On 10/30/2012 10:29 PM, Michael Torrie wrote:
As this is the case, why this long discussion? If you are arguing for
a change in Python to make it compatible with what this fork you are
going to create will do, this has already been fairly thoroughly
addressed earl on, and reasons why the semantics will not change
anytime soon have been given.
I'm not arguing for a change in the present release of Python; and I
have never done so.
Historically, if a fork happens to produce something surprisingly
_useful_; the main code bank eventually accepts it on their own. If a
fork is a mistake, it dies on its own.
That really is the way things ought to be done.
include this
The Zen of Python, by _Tim Peters_
....
Special cases aren't special enough to break the rules.

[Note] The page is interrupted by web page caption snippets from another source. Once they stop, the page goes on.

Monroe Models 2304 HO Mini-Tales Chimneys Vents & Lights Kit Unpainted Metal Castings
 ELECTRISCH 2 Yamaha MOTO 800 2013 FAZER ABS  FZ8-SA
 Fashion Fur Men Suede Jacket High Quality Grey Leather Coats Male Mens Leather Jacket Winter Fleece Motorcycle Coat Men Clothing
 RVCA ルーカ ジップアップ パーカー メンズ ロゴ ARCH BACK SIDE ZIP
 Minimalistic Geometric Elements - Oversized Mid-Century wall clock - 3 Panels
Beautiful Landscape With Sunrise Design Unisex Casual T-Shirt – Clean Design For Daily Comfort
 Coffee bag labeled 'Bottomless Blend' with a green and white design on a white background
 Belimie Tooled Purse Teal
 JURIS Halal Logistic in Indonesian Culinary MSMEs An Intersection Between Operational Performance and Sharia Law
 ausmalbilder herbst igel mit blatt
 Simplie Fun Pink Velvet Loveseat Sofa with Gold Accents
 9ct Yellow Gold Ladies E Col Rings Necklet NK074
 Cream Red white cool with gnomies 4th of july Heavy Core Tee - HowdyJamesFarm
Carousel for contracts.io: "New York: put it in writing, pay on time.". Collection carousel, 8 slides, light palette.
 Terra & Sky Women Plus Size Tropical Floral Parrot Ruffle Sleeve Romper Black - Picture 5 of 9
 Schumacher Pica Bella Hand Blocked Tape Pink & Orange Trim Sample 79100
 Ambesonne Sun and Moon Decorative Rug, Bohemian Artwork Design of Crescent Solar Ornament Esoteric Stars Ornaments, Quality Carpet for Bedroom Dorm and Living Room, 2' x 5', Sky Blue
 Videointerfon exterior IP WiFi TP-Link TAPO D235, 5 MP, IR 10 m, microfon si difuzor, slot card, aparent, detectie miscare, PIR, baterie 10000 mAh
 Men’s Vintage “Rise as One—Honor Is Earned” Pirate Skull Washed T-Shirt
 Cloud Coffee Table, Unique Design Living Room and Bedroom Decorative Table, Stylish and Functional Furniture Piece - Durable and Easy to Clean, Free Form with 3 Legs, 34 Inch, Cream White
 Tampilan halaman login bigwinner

Although _practicality beats purity_.
....
Now, I have seen several coded projects where the idea of cyclic lists
is PRACTICAL;
and the idea of iterating slices may be practical if they could be made
*FASTER*.
These warrant looking into -- and carefully; and that means making an
experimental fork; preferably before I attempt to micro-port the python.
Regarding the continuing discussion:
The more I learn, the more informed decisions I can make regarding
implementation.
I am almost fully understanding the questions I originally asked, now.
What remains are mostly questions about compatibility wrappers, and how
to allow them to be used -- or selectively deleted when not necessary;
and perhaps a demonstration or two about how slices and named tuples can
(or can't) perform nearly the same function in slice processing.